Stored dataset items =>
————————
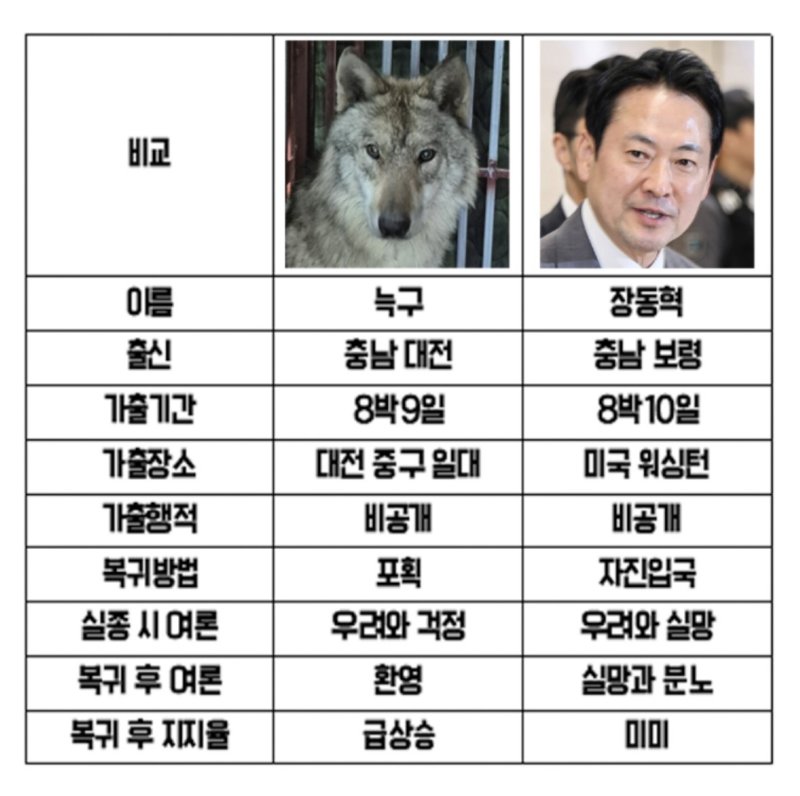 늑구 vs 동혁같은 가출 다른 반응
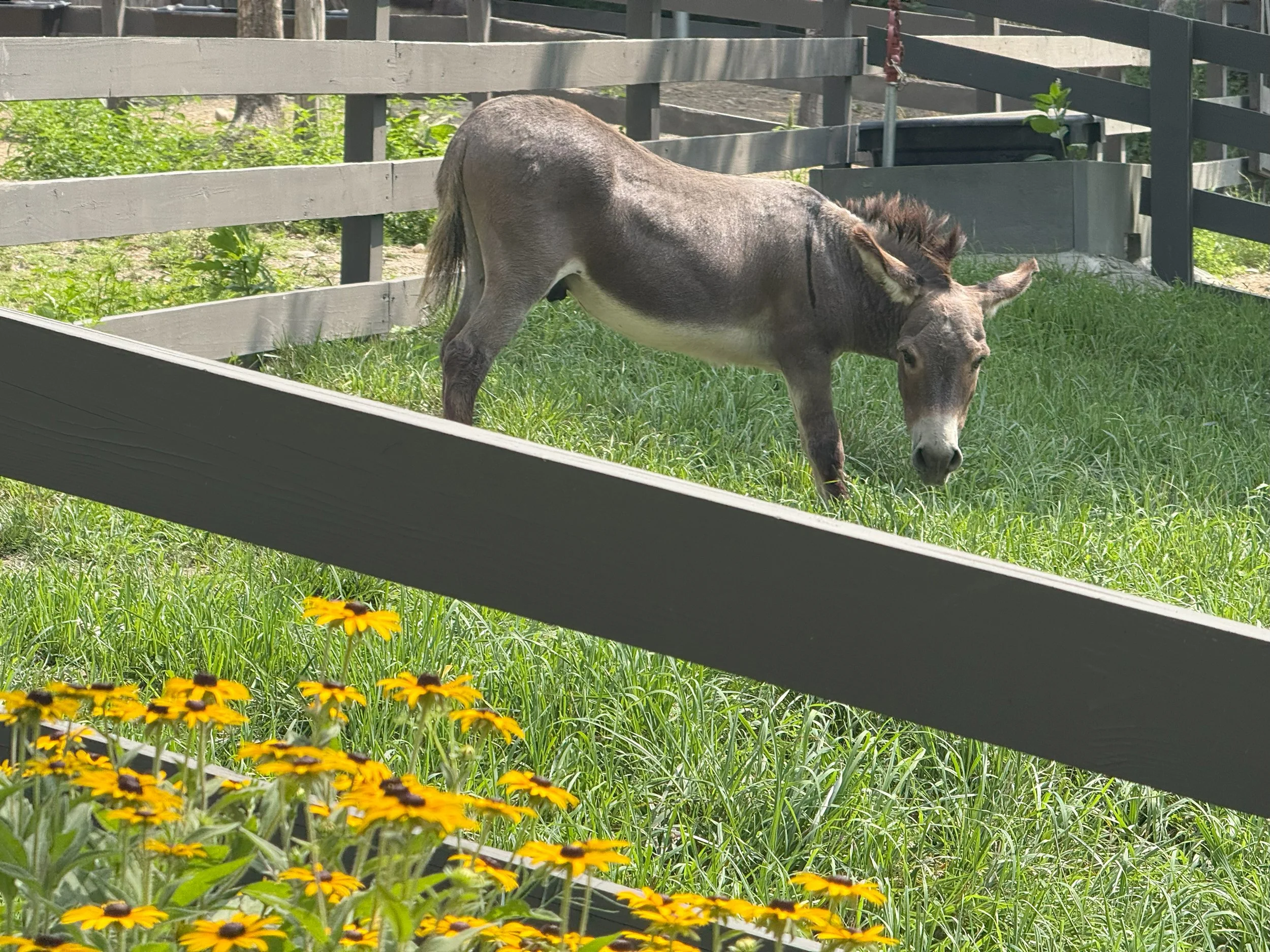 Magazzino Italian Art Museum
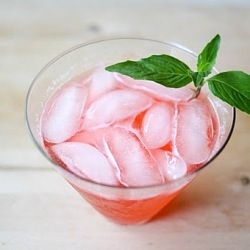 Rhubarb Gin & Tonic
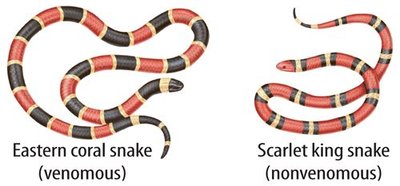Batesian mimicry: coral snake and king snake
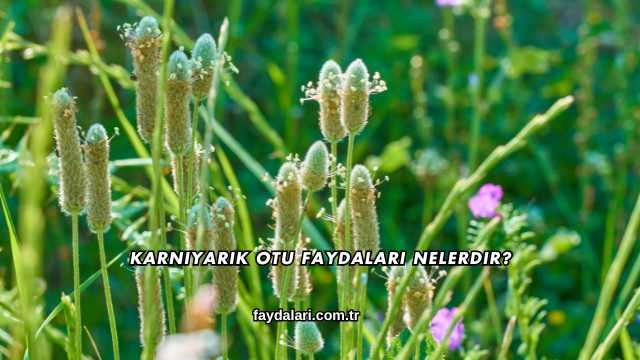 Karnıyarık Otu Faydaları Nelerdir?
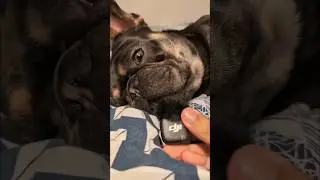 French Bulldog ASMR Up Close 🐶 | DJI Mic 3 Audio Test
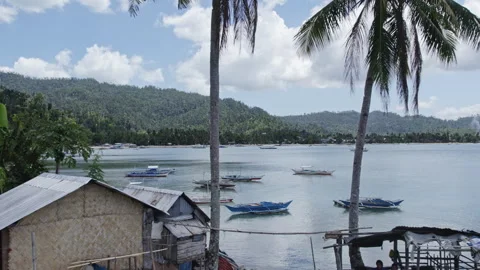 Drone flight through palm trees overlooking fishing boats Stock Footage 275522120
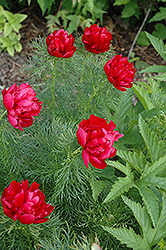 Double Fernleaf Peony (Paeonia tenuifolia 'Flore Plena') at Lakeshore Garden Centres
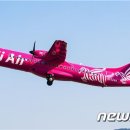 하이펫츠 이미지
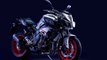 Yamaha MT-09 / MT-10 Updated Color New Light Gray Combination Vermillion 2019 | Mich Motorcycle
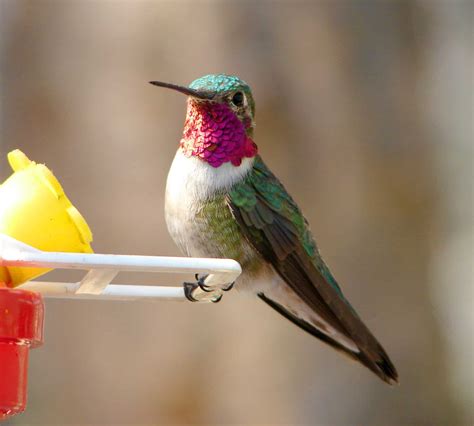 A Guide To American Hummingbirds Home Garden And Homestead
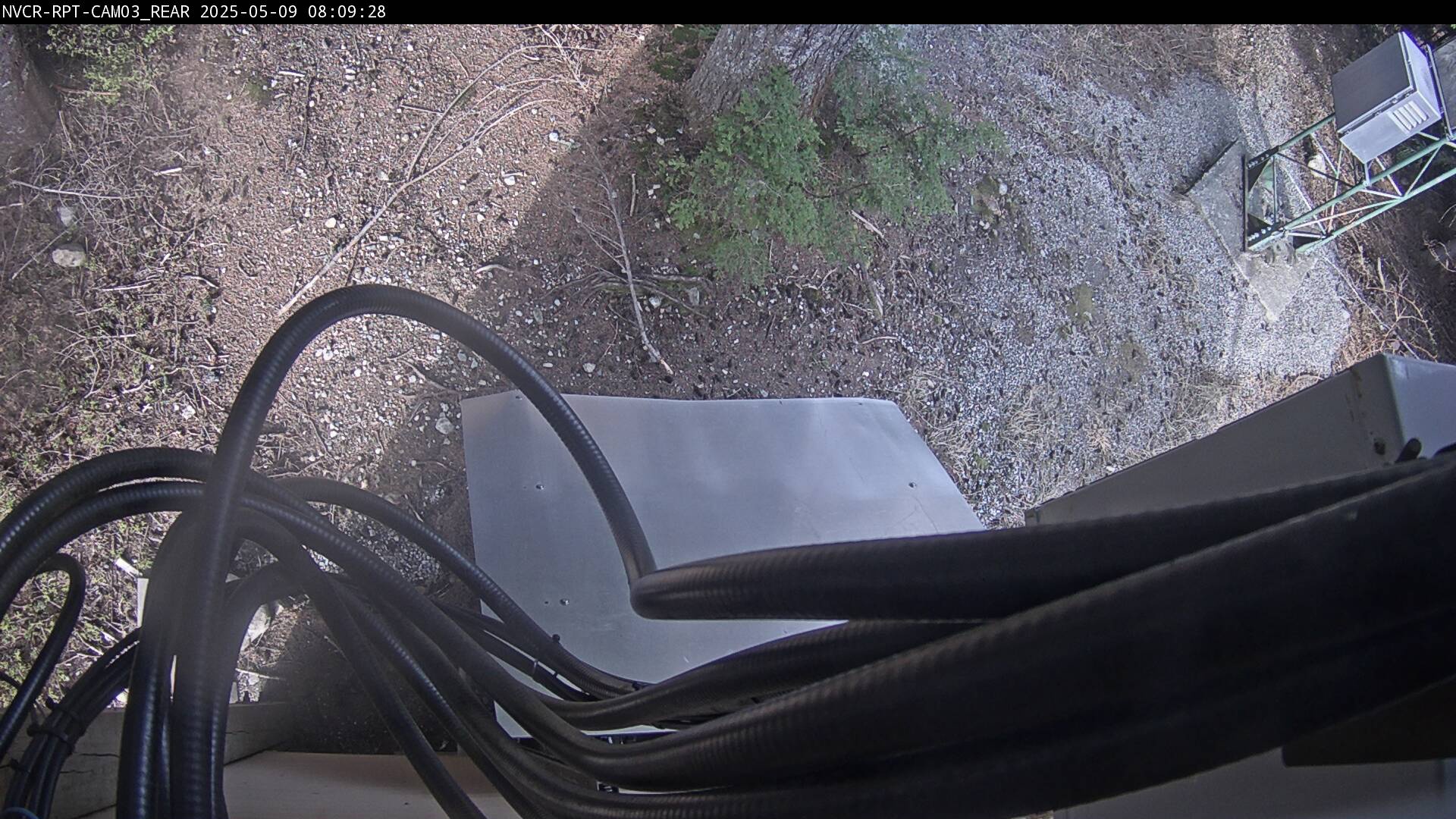 Web Cam History Image - 55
————————
TASK GOAL =>
All lines from the one containing "Double Fernleaf Peony" through the final line of the records are to be retyped exactly; no other lines and no pictures are to be included.

ANSWER SPACE =>
 Double Fernleaf Peony (Paeonia tenuifolia 'Flore Plena') at Lakeshore Garden Centres
 하이펫츠 이미지
 Yamaha MT-09 / MT-10 Updated Color New Light Gray Combination Vermillion 2019 | Mich Motorcycle
 A Guide To American Hummingbirds Home Garden And Homestead
 Web Cam History Image - 55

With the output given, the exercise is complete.